#### [TASK REQUIREMENTS]
Would you reproduce every record exactly, leaving out the pictures?

[Data entries]
——
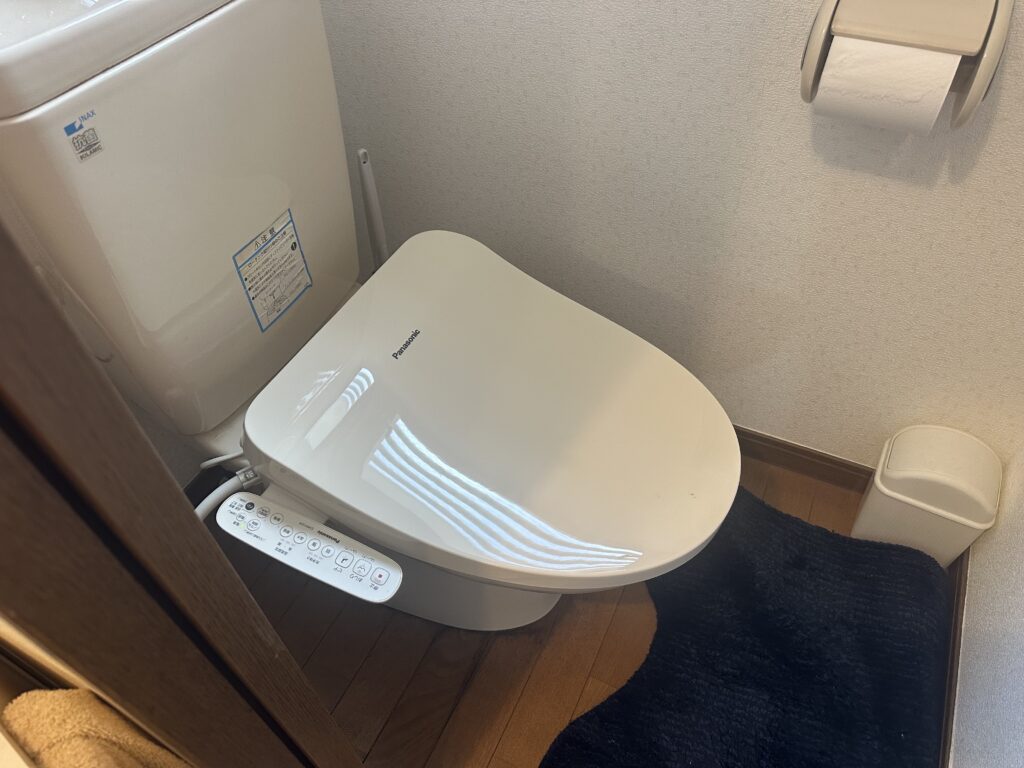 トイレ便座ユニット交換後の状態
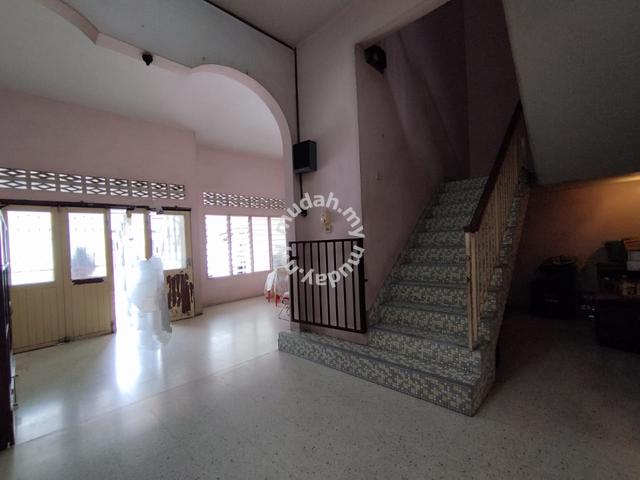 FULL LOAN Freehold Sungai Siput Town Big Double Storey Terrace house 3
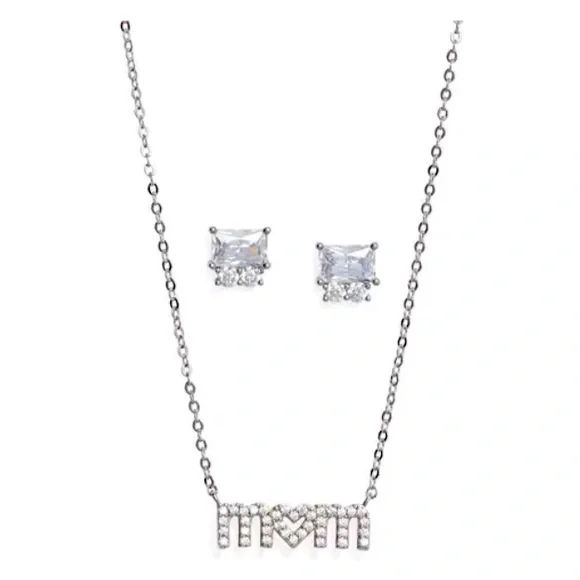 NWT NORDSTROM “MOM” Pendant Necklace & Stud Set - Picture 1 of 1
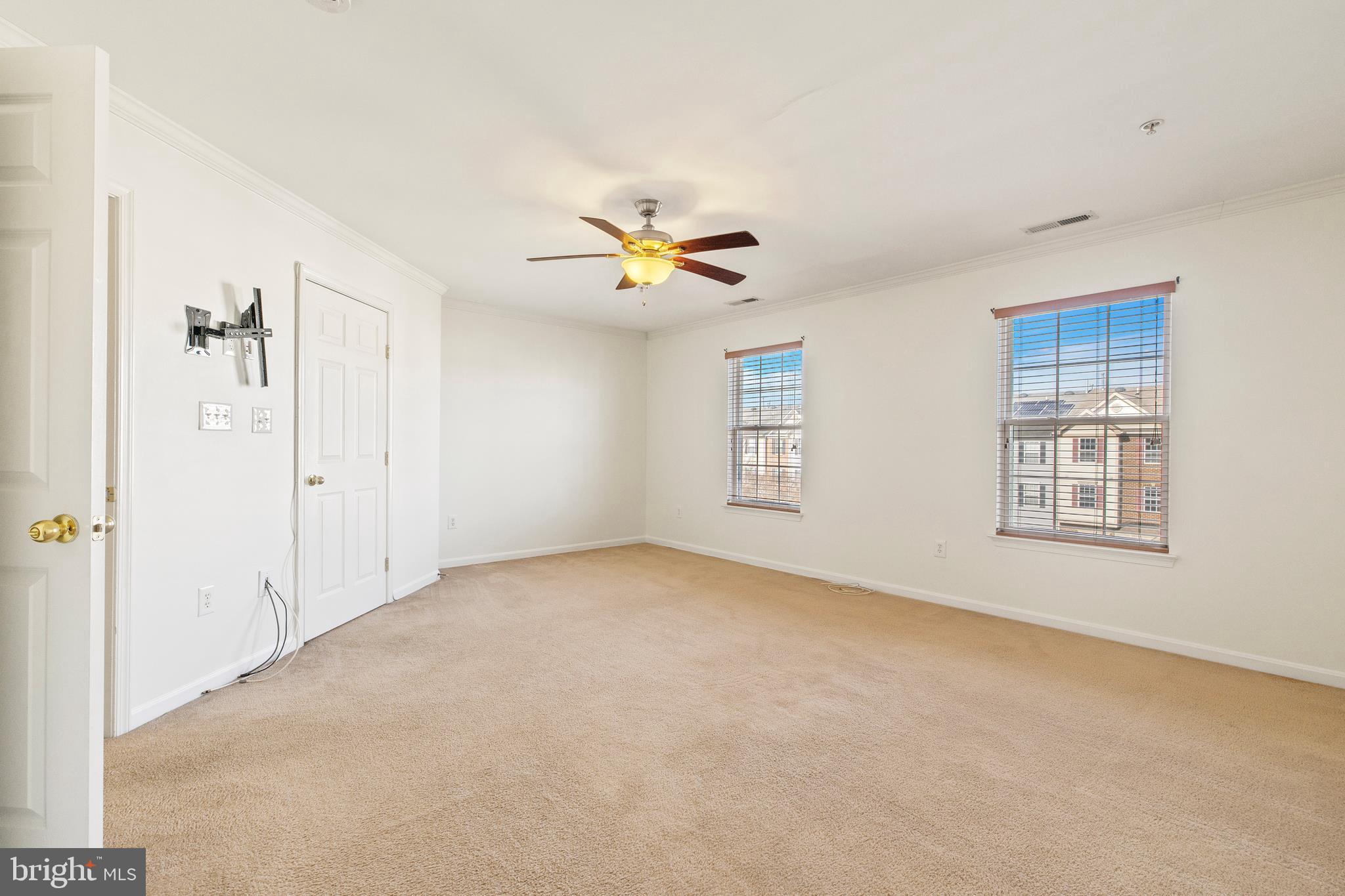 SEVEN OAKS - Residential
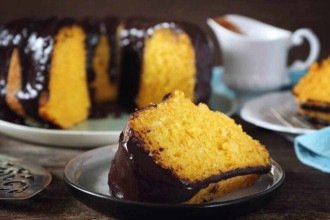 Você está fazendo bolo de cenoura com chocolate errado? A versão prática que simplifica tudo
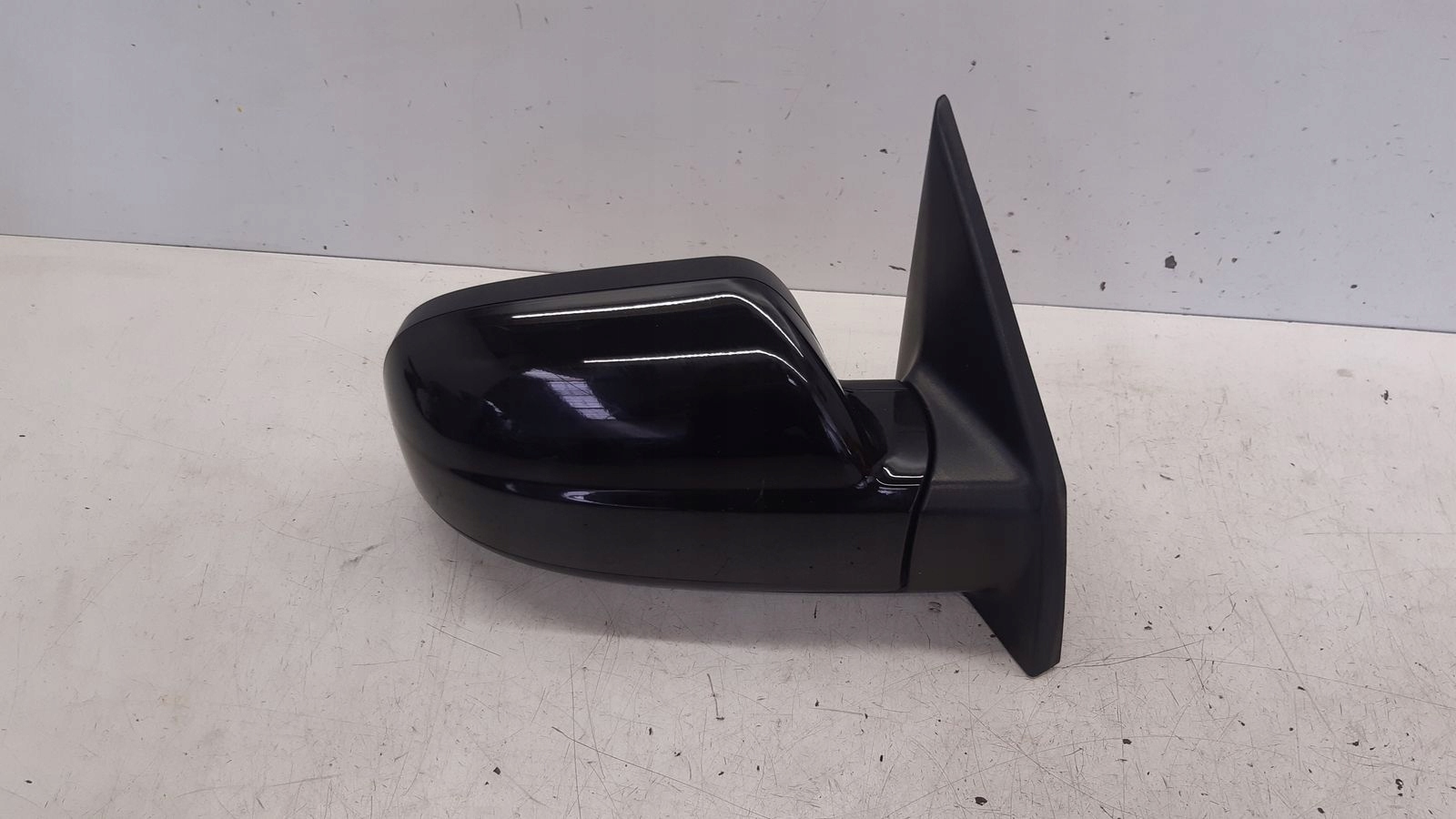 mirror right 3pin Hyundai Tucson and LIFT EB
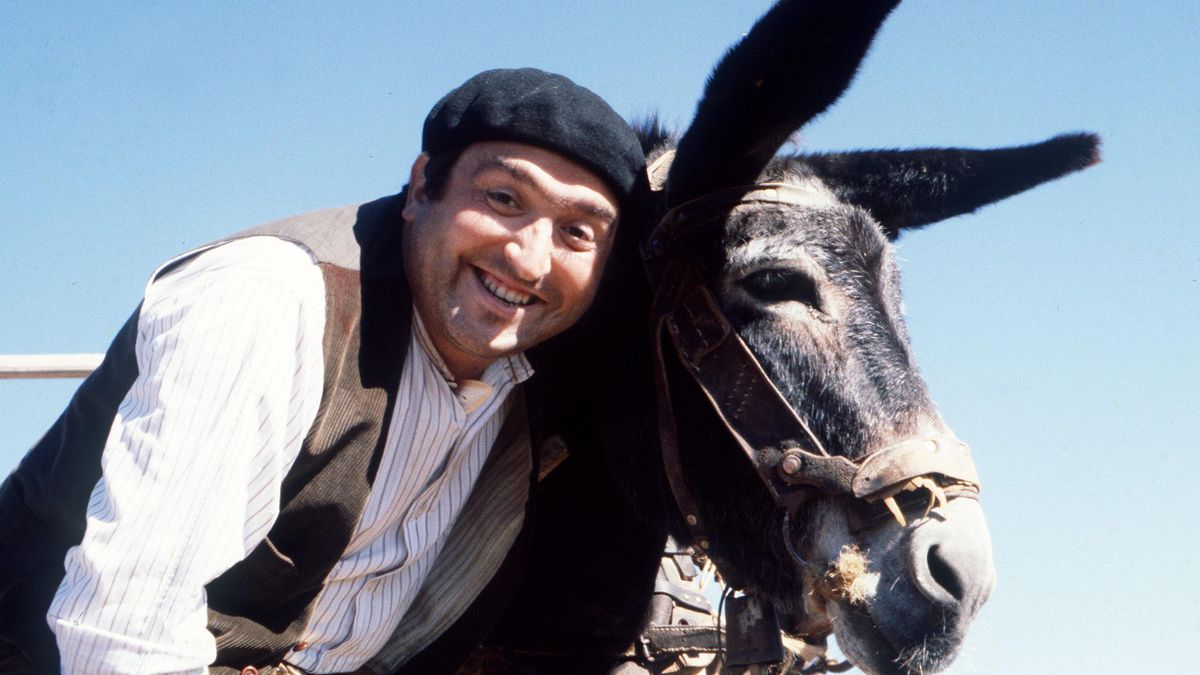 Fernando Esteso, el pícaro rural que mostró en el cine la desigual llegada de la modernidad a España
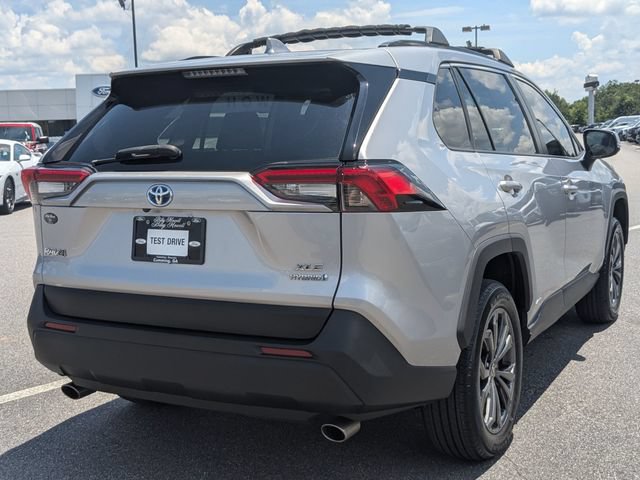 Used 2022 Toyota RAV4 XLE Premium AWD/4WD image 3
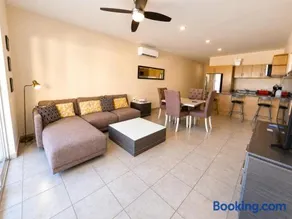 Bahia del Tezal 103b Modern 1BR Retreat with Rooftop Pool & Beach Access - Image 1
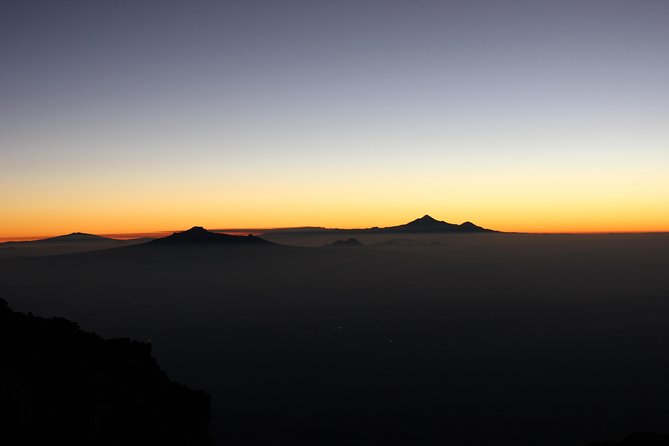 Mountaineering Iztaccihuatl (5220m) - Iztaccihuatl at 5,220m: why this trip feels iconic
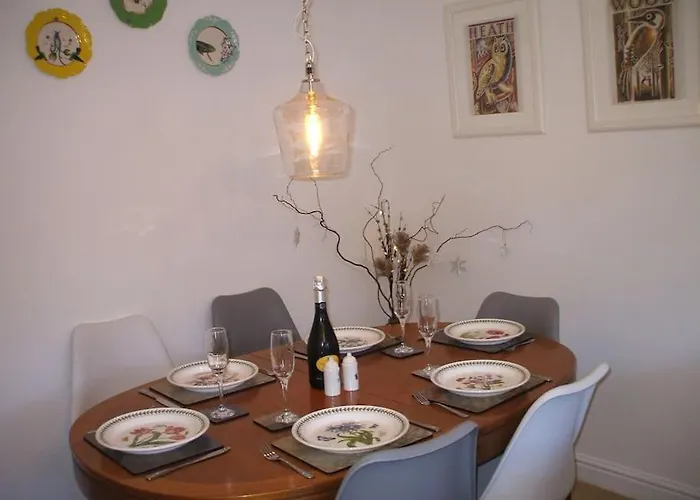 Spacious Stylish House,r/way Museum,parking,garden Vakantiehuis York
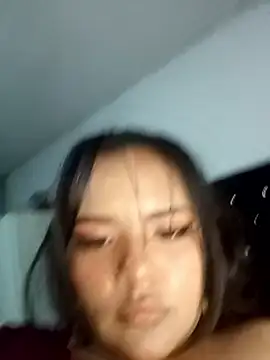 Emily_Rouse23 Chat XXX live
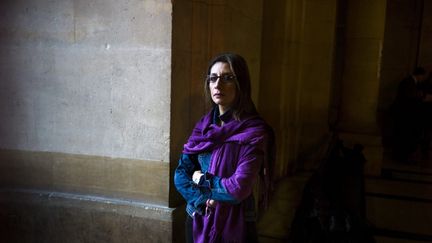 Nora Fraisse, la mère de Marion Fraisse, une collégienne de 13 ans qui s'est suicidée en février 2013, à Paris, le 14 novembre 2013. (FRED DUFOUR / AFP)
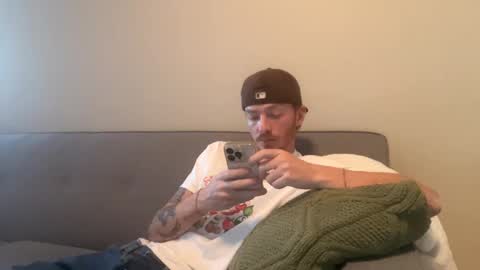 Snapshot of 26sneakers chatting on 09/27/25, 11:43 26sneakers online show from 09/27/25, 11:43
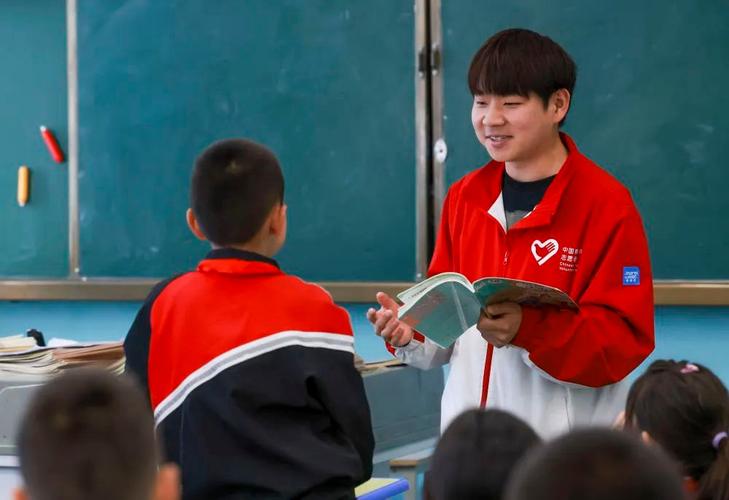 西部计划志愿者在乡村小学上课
——
#### [OUTPUT BELOW]
 トイレ便座ユニット交換後の状態
 FULL LOAN Freehold Sungai Siput Town Big Double Storey Terrace house 3
 NWT NORDSTROM “MOM” Pendant Necklace & Stud Set - Picture 1 of 1
 SEVEN OAKS - Residential
 Você está fazendo bolo de cenoura com chocolate errado? A versão prática que simplifica tudo
 mirror right 3pin Hyundai Tucson and LIFT EB
 Fernando Esteso, el pícaro rural que mostró en el cine la desigual llegada de la modernidad a España
 Used 2022 Toyota RAV4 XLE Premium AWD/4WD image 3
 Bahia del Tezal 103b Modern 1BR Retreat with Rooftop Pool & Beach Access - Image 1
 Mountaineering Iztaccihuatl (5220m) - Iztaccihuatl at 5,220m: why this trip feels iconic
 Spacious Stylish House,r/way Museum,parking,garden Vakantiehuis York
 Emily_Rouse23 Chat XXX live
 Nora Fraisse, la mère de Marion Fraisse, une collégienne de 13 ans qui s'est suicidée en février 2013, à Paris, le 14 novembre 2013. (FRED DUFOUR / AFP)
 Snapshot of 26sneakers chatting on 09/27/25, 11:43 26sneakers online show from 09/27/25, 11:43
 西部计划志愿者在乡村小学上课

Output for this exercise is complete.